Georgia General Assembly
- Long title Illegal Immigration Reform and Enforcement Act of 2011 ;
- Passed: April 14, 2011
- Signed by: Nathan Deal
- Signed: May 13, 2011
- Commenced: July 1, 2011

Legislative history
- Bill title: House Bill 87
- First reading: January 27, 2011
- Second reading: January 31, 2011
- Third reading: March 3, 2011

= Georgia House Bill 87 =

Anti-illegal immigration law in the U.S. state of Georgia

Georgia House Bill 87 (official title: Illegal Immigration Reform and Enforcement Act of 2011; abbreviated HB 87) is an anti-illegal immigration act passed by the Georgia General Assembly on April 14, 2011, and signed into law by Georgia governor Nathan Deal on May 13, 2011. It took effect on July 1 of that year. The law was authored by Peachtree City Republican state representative Matt Ramsey, and was partly based on Arizona's SB 1070 bill that had passed the previous year.

==Sponsors==
In the Georgia House of Representatives, HB 87 was co-sponsored by Matt Ramsey, Rich Golick, Katie M. Dempsey, Rick Austin, Stephen Allison, and Ed Lindsey. In the Georgia State Senate, it was sponsored by Bill Hamrick.

==Provisions==
HB 87 requires businesses in Georgia with more than 10 employees to use E-Verify to verify that prospective employees are eligible to work in the United States legally. The bill allows police in the state to attempt to determine the immigration status of some suspects. It also makes the intentional transportation of undocumented immigrants while a crime is being committed punishable by a fine of up to $1,000 and a prison sentence of up to a year. In addition, it punishes undocumented workers convicted of using fake identification to gain employment with up to 15 years in prison and up to a $250,000 fine.
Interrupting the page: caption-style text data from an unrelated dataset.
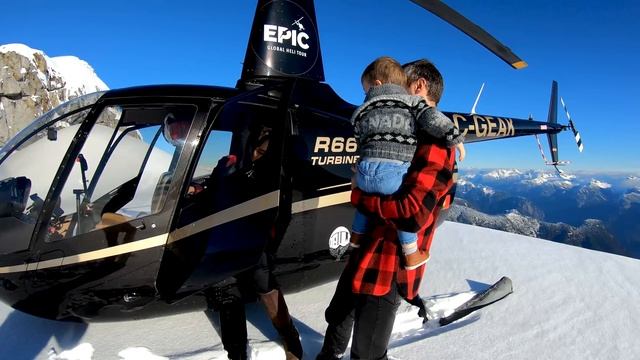 MOUNTAIN TOP FAMILY SELFIE смотреть онлайн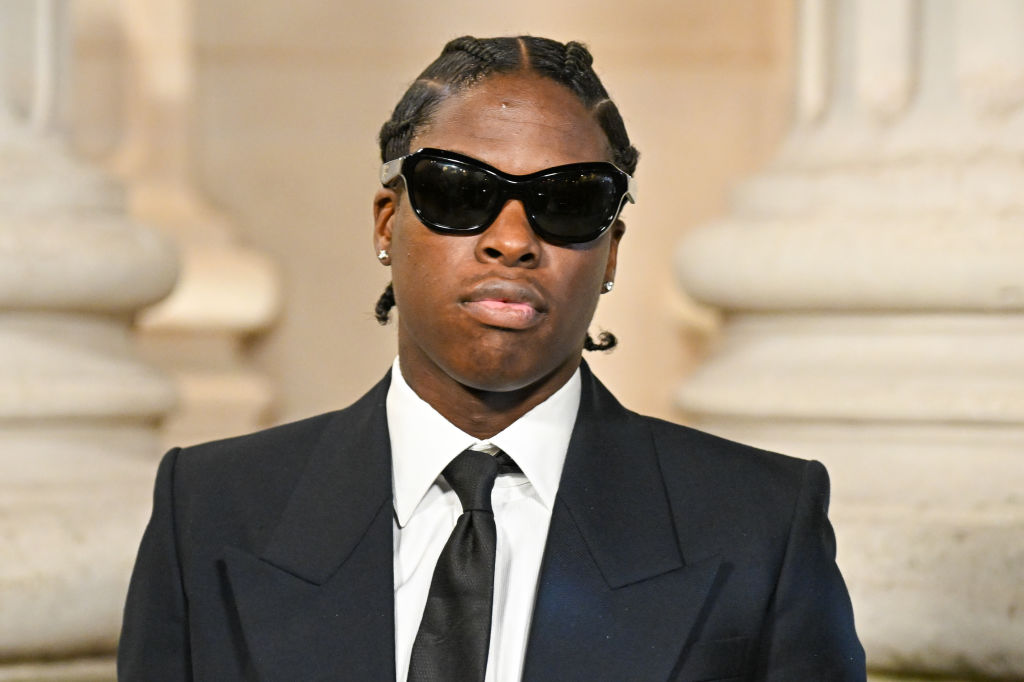 Daniel Caesar Graces NPR’s Tiny Desk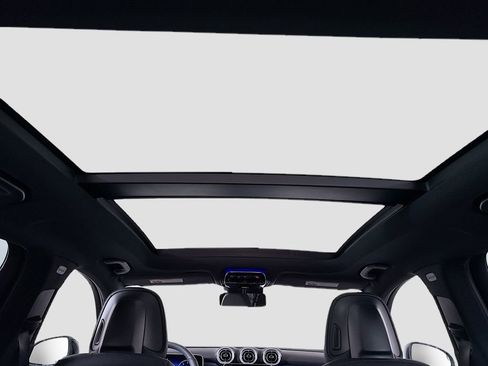 Used 2026 Mercedes-Benz GLC 300 4MATIC image 23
==Similarity to Arizona's SB 1070==
Commentators noted that HB 87 was similar to other anti-illegal immigration laws that had recently been passed in other U.S. states, such as Arizona SB 1070. Some of HB 87's critics dubbed it a "copycat" of SB 1070, a claim that PolitiFact rated "half true" because, although the two laws are similar, the authors of HB 87 tried to address concerns about the constitutionality of such legislation. For instance, HB 87 merely allows police to check the immigration status of suspects, whereas SB 1070 required them to do so.

==Reactions==
When HB 87 was signed into law, it was widely described as one of the toughest such laws in the country. Multiple organizations, including the American Civil Liberties Union (ACLU) and the Southern Poverty Law Center (SPLC), also publicly raised the possibility of suing Georgia over the law. The bill was also criticized by the leaders of the Leadership Conference on Civil and Human Rights and the Georgia Latino Alliance for Human Rights. The government of Mexico also criticized Deal for signing the bill into law, saying in a statement that "The legislators and state executive ignored the many contributions of the immigrant community to the economy and society of Georgia." Some critics, including Azadeh N. Shahshahani and Wade Henderson, criticized the bill on the basis that it would invite racial profiling of Latinos and other people of color. Other critics also criticized the law because they thought it would adversely affect trust in the police among immigrants.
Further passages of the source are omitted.